32ETH Minimum – The minimum to individually stake would require 32 ETH. Even with 32ETH most ETH holders will not opt to stake individually. The problem with individually staking is that the validator needs hardware in order to earn yield. The easier way to capture staking yields is to lend into a pool, similar to how current PoW miners mine as part of pool.
No Withdrawals – Currently, if an ETH holder decides to stake ETH in ETH2 they are unable to withdraw of transfer their ETH. This is a major hurdle for ETH holders; liquidity is existential to any investment. Withdrawals for ETH2 will not be available until the beacon chain is fully merged with ETH1. This is expected to take at least 12 months. Even once the chain is fully merged, there is a planned 27 hour unstaking buffer period. The lockup is the biggest driving factor for ETH whales not to stake in ETH2 directly.

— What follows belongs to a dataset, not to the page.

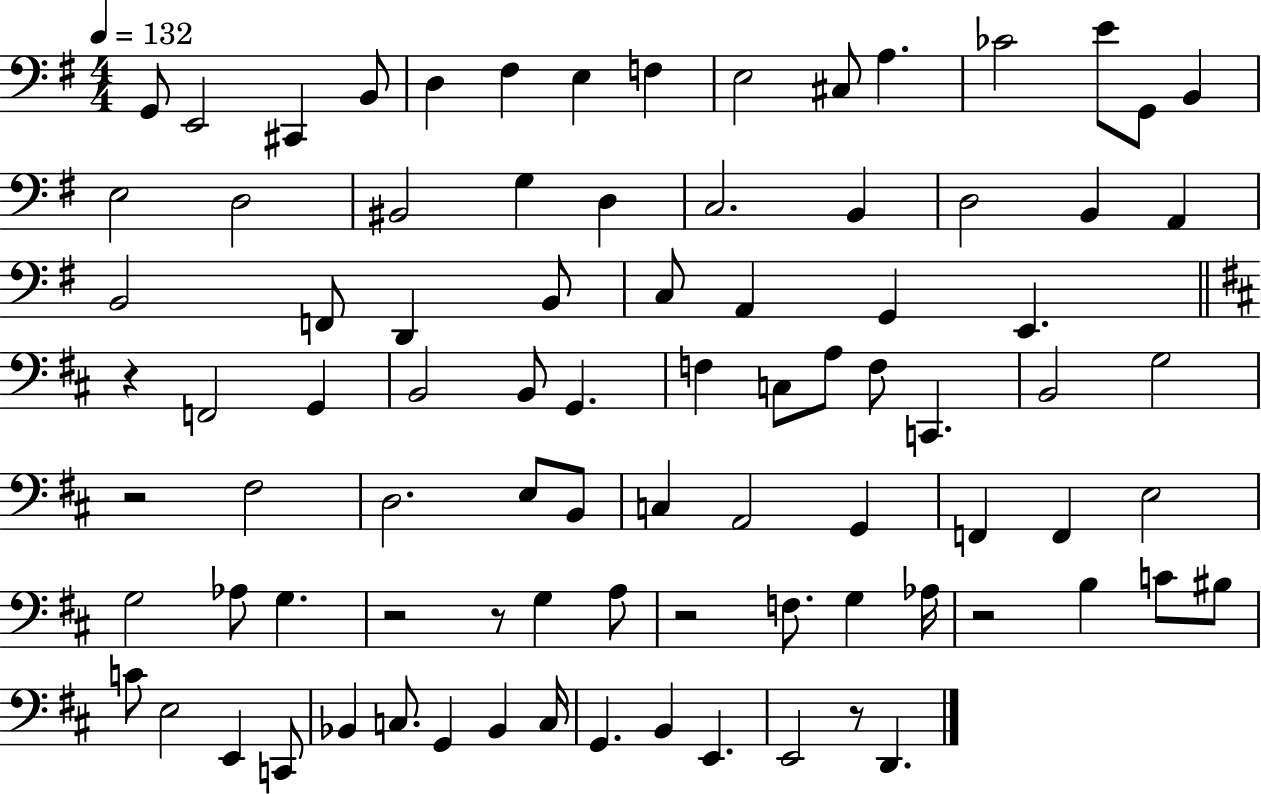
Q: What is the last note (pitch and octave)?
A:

Hardware Requirements – The move to PoS does not exempt validators from running hardware. Popular ETH2 plug-and-run options are not chap. Not only do you need 32ETH but you need to spend at least $500 + electricity costs. Dapp node seems to be the most popular solution for individual stakers looking for hardware.
Miner Extractable Value to Validator Extractable Value (MEV to VEV) – ETH became victim to MEV extraction. There were different GETH implementations like Flashbots and KeeperDao to help democratize the mining landscape. MEV will continually happen on ETH2 in the form of validator extractable value (VEV). Due to the chain not being merged yet, ETH2 stakers are paid out via only inflation rewards. Once ETH2 is fully merged, the validators will earn inflation + transaction fees + MEV. If there is anything that we have learned from MEV, that the larger miners have more resources to find and extract MEV. As stated, Flashbots which has been the popular MEV-GETH patch, is currently not compatible with ETH2. MEV extraction by pools will dictate the APY returned to their stakers, this will drive centralization to validator pools.
ETH 2.0 Validator Queue – Not only do validators need 32 ETH and hardware to stake, there is currently a queue in order to activate a ETH2 validator. The activation queue is currently about 8 days and hit a high of 3 weeks at one point. The queue is expected to grow as we get closer to the merge. The wait to get the validator activated is an opportunity cost for pools returning yield to their stakers.
Although these inherent problems ward off people from staking directly into the Ethereum protocol, I do believe these problems are being addressed through different liquid staking derivative offerings. More color to come.